But before anyone frets, the seismic shifts in this latest quake to shake Riverside's power infrastructure will mirror the economic recession in other ways, meaning that the detrimental affects of it will impact various mechanisms of power in Riverside at different times. Meaning that right now, the department is facing the lion share of the impact and damage but that's simply because it's located the closest to the epicenter. Rest assured, that City Hall likely will not be spared its own share of instability and turbulence in the weeks and months ahead. That's how it played out in the city's last crisis, which happened with the Tyisha Miller shooting in 1999. It took over a year for the impact of that to affect different players at City Hall including then City Manager John Holmes, then City Attorney Stan Yamamoto and several city council members but they didn't escape unscathed.

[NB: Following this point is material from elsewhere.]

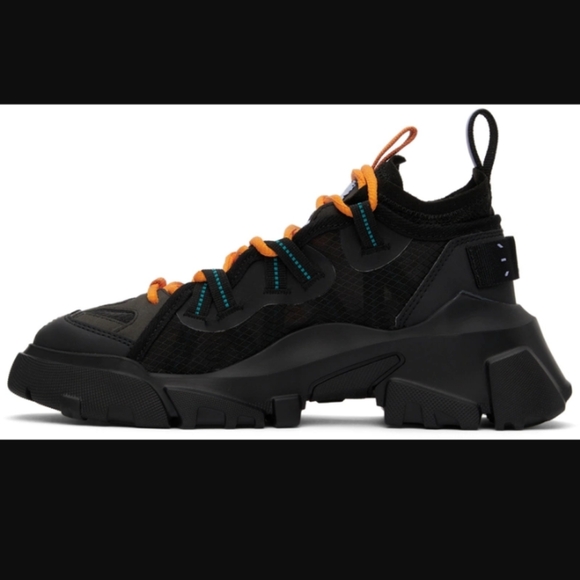 New w/o Box MCQ By Alexander McQueen Black Orbyt Descender Men's Sneakers EU 42 - Picture 2 of 16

In the meantime, there's some interesting dynamics playing out in the department. While some of the representatives in the department and at City Hall seem to be trying to reassure everyone that everyone's one big happy family, the reality seems to be that at least inside the police department, turbulence and uncertainty remain the rule. That's not surprising in a situation like this one at all and it will play itself out in the weeks and months to come as a result of the house of cards collapsing, the house that City Hall built. While Leach is definitely responsible for his misdeeds, the handling of the situation which arose when he committed a crime revealed a department with serious problems which stemmed from its micromanagement from Hudson's office which began not long after he and DeSantis were hired in 2005. And now with its leadership essentially disintegrating, that has put Blakely at an advantage at least until the new chief gets hired by Hudson.

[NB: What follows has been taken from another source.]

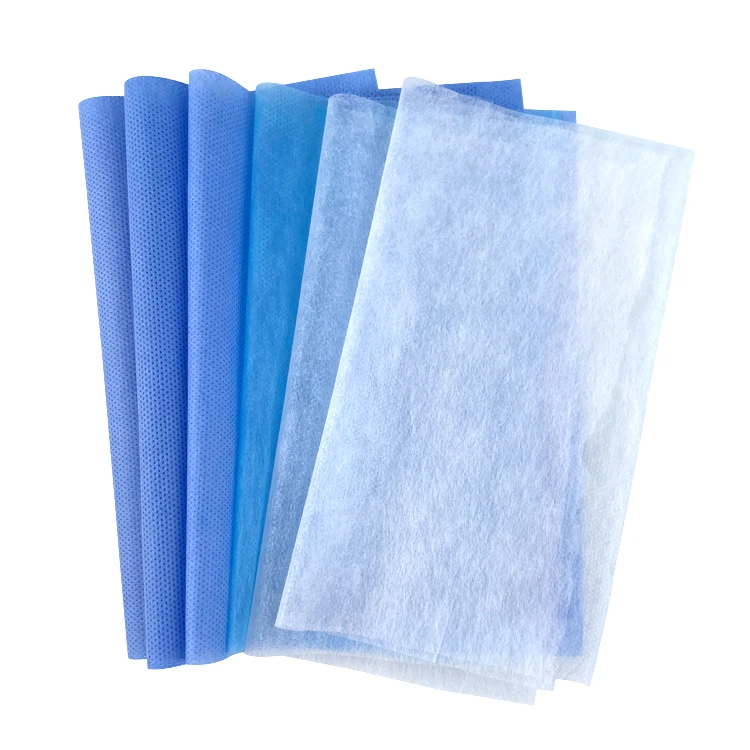 buy  sms 100%pp disposable surgical cloth material nonwoven raw material medical non-woven fabric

This most senior captain has been extremely active lately filling in the vacuum left by a retreating DeLaRosa who had come on strong as the acting chief until the release of the cell phone call logs to the media implicated him in the cover up. As for the rest of them, it's very possible that it could resemble Survivor Island pretty soon, if it's not already.

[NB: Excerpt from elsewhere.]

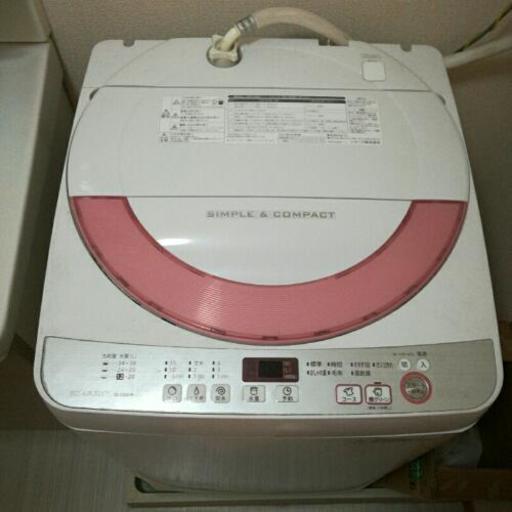 【成立済】洗濯機 SHARP シャープ ESGE60R 6kg 2015年購入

Many however addressed a common thread and it had more to do with City Hall especially in the light of more recent coverage of how individual at City Hall including Mayor Ron Loveridge and City Manager Brad Hudson are treating the obvious breaches in professional ethics as exercised by some individuals as "mistakes" or problems stemming from inadequate or missing departmental policies. A couple of the people from out of town were incredulous that people in government could actually make comments like the ones issued by Loveridge and Councilman Steve Adams in that news article without people angrily calling city council and heading on down there. When in actuality, there are many people who do feel like going down and complain about how a few selective representatives of City Hall have been talking down to them. But their leadership for the most part has been quiet because most of them have clamored to be picked for Hudson's very selective panel of "community" individuals to interview police chief candidates. You can't be asking too many questions right now about the problems at the police department and City Hall and have a prayer of landing a spot.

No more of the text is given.